Es cierto. Si no dejamos fluir al dolor, si tratamos de ahogarlo y mantenerlo encerrado, se hará más grande, más pesado, más profundo y será capaz de ir creando esas grietas en el corazón por donde salir. Porque el dolor siempre sale de una forma u otra, antes o después, en forma de aire o de tormenta, de lágrimas o de inundación. Siempre sale.
De ahí la importancia de las palabras. Las palabras crean realidades, dan forma a las ideas y materializan los pensamientos. Son el medio por el que los sentimientos salen de nuestro pecho y dejan sitio al aire que necesitamos para volver a respirar con calma. Necesitamos las palabras para escuchar y ser escuchados, para ver con claridad y ser conscientes de lo que somos, lo que tenemos y valemos, lo que tenemos o deseamos, lo que tenemos o lo que nos hace felices. Las palabras provocan sentimientos en uno mismo y en los demás y por eso hay palabras que tememos decir o escuchar y otras que estamos deseando hacerlo. Una palabra tiene la capacidad de devastar o llenar de felicidad, ser lastre, ancla o salvavidas, ser desierto o ser hogar. Llenan canciones y poemas, libros y pantallas, el alma y las lágrimas; son bálsamo o bala, disfraz de una mentira o una verdad desnuda, magia o truco, simple conjunto de letras o un enorme tesoro.

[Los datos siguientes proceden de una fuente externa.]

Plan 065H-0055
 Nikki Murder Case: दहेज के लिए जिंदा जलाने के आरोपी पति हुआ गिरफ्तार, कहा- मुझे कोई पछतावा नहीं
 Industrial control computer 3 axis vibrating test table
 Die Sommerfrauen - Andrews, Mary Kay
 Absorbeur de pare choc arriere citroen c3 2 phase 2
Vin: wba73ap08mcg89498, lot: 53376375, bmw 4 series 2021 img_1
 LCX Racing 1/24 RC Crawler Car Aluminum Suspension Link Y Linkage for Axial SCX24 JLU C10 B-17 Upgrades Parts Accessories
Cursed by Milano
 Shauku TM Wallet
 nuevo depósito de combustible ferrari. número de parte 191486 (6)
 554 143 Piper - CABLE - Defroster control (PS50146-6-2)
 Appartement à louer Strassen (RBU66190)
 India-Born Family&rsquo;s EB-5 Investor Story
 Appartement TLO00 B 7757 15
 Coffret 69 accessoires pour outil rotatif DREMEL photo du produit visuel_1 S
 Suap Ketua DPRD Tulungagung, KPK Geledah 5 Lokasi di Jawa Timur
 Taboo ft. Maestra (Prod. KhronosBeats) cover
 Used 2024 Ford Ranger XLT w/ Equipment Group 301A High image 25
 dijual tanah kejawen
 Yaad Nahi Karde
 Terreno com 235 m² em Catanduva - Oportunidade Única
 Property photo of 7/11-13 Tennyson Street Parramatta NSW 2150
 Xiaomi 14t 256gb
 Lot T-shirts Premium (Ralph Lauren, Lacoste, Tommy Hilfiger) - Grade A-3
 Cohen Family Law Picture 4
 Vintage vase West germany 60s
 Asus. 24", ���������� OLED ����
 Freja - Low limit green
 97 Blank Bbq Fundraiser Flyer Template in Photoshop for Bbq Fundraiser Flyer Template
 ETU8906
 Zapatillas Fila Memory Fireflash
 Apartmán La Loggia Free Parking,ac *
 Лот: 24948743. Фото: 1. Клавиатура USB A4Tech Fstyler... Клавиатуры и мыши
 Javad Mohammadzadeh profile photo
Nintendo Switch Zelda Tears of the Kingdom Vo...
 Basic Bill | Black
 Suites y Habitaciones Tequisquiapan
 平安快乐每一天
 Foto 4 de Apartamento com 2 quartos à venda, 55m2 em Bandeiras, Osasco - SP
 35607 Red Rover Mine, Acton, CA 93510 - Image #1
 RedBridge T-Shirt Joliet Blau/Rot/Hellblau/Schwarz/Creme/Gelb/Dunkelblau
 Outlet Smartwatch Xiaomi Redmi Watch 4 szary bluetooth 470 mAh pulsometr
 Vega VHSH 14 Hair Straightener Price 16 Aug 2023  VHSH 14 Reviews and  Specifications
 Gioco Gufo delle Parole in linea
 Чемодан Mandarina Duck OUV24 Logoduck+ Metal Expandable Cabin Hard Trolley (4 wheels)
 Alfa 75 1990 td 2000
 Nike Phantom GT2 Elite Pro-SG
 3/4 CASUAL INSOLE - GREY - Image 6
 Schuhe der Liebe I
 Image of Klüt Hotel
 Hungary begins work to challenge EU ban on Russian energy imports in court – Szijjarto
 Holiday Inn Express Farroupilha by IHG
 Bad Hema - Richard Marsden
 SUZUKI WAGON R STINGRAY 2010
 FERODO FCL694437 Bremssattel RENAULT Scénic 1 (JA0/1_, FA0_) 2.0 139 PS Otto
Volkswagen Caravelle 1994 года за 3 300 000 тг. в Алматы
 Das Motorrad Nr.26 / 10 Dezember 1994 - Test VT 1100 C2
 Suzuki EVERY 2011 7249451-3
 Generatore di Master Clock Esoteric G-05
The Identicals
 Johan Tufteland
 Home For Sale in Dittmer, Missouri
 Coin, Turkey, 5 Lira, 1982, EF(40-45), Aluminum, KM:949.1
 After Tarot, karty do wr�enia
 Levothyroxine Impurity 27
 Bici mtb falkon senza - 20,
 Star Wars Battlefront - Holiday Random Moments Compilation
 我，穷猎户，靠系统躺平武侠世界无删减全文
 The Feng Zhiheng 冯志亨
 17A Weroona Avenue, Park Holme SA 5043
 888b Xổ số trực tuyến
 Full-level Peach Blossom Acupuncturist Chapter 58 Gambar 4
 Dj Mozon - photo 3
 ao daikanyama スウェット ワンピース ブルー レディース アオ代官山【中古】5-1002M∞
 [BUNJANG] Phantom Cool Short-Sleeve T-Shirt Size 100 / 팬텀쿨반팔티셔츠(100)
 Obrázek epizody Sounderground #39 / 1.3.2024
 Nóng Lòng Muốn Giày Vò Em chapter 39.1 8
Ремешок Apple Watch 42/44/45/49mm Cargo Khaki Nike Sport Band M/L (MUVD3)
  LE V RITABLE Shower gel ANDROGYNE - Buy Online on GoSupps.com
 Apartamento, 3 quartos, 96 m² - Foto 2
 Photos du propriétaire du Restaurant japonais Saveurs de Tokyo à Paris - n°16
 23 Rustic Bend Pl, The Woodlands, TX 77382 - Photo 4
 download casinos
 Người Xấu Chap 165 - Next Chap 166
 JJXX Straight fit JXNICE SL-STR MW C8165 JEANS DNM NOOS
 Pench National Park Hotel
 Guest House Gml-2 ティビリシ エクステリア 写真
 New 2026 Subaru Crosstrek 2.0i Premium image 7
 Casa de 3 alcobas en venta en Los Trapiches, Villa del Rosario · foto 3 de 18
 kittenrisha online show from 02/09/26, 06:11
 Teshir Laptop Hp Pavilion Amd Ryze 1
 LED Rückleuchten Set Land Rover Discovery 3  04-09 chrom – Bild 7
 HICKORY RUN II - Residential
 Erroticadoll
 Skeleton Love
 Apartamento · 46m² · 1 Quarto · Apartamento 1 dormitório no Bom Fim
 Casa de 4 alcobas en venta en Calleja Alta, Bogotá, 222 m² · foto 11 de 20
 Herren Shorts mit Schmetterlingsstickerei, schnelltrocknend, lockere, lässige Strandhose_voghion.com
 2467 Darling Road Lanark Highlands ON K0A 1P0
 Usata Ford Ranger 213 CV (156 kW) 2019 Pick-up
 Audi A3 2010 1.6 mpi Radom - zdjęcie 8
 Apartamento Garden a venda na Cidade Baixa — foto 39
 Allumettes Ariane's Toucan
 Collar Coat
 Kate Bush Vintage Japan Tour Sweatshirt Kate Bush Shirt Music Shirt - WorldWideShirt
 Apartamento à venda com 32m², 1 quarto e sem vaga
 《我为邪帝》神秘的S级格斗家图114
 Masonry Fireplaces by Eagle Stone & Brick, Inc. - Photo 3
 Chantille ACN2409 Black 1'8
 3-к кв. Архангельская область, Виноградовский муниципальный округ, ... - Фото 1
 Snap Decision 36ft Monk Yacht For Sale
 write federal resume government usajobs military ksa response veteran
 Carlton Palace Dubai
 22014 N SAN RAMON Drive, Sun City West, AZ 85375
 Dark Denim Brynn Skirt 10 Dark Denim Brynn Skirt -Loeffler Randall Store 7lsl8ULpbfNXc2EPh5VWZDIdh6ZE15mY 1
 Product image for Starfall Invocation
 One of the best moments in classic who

Pongamos palabras al dolor para tratar de entender a qué nos enfrentamos. Demos palabras a la alegría para multiplicarla y compartirla, a la felicidad para atesorarla, a nuestros pensamientos más íntimos para sentirnos libres. Cuidemos nuestras palabras porque son un arma poderosa. La palabra adecuada en el momento preciso tiene tanto poder que es capaz de cambiar una vida.
Valoremos nuestras palabras porque pueden ser cargas de profundidad. Uno puede olvidar las palabras, pero lo que hicieron sentir permanece.